Goal of the exercise>
This exercise calls for the line with "EAN 4008110347448 - Herlitz", the line with "Bar, ultra-kompakt, NESCAFÉ", and all lines between them in the material below, output exactly and with no other lines.

Records for processing>
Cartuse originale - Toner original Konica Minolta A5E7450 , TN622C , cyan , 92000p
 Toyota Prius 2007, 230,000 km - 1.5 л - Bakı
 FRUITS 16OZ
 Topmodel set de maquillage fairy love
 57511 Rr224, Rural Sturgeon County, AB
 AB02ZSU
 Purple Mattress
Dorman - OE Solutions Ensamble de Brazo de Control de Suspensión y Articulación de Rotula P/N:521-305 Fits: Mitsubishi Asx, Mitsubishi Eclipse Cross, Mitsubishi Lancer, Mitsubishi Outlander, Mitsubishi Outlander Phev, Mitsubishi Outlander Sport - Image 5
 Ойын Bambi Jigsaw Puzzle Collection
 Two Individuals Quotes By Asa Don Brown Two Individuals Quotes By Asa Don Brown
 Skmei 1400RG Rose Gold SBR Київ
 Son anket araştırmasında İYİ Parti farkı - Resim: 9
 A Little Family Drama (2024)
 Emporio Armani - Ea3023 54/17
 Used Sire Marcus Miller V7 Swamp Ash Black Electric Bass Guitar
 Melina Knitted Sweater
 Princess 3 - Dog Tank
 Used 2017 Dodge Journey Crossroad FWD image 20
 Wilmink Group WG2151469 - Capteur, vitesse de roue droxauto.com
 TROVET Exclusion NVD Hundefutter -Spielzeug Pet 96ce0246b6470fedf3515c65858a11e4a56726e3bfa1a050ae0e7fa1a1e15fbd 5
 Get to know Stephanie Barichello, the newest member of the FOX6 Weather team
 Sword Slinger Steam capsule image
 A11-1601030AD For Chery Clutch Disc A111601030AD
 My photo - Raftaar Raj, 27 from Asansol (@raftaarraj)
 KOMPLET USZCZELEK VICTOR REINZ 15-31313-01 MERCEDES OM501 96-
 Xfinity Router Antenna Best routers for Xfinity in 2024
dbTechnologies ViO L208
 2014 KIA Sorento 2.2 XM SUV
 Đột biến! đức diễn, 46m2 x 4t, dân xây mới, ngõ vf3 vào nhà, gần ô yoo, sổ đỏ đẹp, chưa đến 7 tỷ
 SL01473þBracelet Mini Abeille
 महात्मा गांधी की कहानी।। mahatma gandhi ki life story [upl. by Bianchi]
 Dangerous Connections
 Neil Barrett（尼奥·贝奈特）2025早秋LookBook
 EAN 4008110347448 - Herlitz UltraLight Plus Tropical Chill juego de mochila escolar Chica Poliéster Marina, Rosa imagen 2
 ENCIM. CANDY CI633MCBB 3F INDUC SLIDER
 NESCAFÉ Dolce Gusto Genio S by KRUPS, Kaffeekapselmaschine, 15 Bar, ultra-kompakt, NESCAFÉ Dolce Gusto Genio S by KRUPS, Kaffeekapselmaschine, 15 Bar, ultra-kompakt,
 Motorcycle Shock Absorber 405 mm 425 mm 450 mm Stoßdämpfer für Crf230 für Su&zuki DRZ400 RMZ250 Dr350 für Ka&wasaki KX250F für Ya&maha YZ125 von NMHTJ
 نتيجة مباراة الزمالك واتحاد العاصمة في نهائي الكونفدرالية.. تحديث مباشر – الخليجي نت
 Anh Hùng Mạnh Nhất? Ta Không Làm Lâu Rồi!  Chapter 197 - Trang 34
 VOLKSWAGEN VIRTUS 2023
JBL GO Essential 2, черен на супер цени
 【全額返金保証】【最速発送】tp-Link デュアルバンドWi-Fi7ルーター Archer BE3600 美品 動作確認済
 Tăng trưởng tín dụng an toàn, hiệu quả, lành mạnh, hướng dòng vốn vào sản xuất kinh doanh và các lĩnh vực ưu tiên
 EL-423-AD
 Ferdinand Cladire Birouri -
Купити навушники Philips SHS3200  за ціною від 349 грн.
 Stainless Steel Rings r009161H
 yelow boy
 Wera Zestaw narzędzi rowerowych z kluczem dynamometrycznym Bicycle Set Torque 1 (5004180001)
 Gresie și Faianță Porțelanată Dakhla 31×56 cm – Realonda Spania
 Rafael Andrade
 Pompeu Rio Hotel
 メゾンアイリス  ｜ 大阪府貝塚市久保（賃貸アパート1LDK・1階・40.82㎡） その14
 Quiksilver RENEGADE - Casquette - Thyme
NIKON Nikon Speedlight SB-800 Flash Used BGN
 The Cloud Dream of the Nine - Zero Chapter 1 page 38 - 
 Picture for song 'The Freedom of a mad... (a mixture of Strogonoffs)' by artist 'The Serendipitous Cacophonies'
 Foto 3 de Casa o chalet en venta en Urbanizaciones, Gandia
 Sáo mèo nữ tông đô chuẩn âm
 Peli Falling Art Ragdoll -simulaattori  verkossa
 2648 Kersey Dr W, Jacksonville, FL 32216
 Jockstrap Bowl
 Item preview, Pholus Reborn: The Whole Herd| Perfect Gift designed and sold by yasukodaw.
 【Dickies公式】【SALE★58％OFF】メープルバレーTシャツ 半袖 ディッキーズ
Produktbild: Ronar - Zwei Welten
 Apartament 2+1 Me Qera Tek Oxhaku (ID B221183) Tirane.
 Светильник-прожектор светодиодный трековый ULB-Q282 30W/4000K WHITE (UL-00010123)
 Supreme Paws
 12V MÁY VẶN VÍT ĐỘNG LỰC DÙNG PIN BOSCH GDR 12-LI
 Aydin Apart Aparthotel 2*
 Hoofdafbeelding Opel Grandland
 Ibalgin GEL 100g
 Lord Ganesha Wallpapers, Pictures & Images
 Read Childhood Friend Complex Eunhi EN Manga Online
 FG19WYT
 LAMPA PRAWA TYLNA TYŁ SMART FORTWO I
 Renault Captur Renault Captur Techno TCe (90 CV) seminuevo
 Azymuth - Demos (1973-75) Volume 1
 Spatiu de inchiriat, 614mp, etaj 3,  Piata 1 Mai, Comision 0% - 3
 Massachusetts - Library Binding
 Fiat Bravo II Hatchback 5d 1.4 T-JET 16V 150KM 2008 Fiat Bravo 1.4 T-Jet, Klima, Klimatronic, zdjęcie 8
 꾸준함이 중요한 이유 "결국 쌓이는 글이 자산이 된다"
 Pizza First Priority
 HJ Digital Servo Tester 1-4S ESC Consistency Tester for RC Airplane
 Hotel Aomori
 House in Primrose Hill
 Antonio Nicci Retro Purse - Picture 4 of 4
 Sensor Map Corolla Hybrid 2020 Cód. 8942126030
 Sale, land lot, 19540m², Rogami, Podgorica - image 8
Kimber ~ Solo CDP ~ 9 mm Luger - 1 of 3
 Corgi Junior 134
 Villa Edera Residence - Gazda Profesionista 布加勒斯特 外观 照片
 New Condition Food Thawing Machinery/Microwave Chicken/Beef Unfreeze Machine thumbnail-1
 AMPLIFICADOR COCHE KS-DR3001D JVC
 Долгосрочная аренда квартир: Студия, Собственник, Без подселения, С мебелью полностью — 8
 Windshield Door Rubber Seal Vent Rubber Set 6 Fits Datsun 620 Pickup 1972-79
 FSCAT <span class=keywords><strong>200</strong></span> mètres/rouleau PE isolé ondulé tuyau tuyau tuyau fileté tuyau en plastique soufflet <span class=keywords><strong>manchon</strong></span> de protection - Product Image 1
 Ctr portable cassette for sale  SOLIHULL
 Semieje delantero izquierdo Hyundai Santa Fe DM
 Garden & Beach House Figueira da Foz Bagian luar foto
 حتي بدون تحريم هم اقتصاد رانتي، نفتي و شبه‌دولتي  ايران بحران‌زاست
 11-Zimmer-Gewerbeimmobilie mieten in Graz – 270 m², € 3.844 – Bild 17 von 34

Solution to this task>
 EAN 4008110347448 - Herlitz UltraLight Plus Tropical Chill juego de mochila escolar Chica Poliéster Marina, Rosa imagen 2
 ENCIM. CANDY CI633MCBB 3F INDUC SLIDER
 NESCAFÉ Dolce Gusto Genio S by KRUPS, Kaffeekapselmaschine, 15 Bar, ultra-kompakt, NESCAFÉ Dolce Gusto Genio S by KRUPS, Kaffeekapselmaschine, 15 Bar, ultra-kompakt,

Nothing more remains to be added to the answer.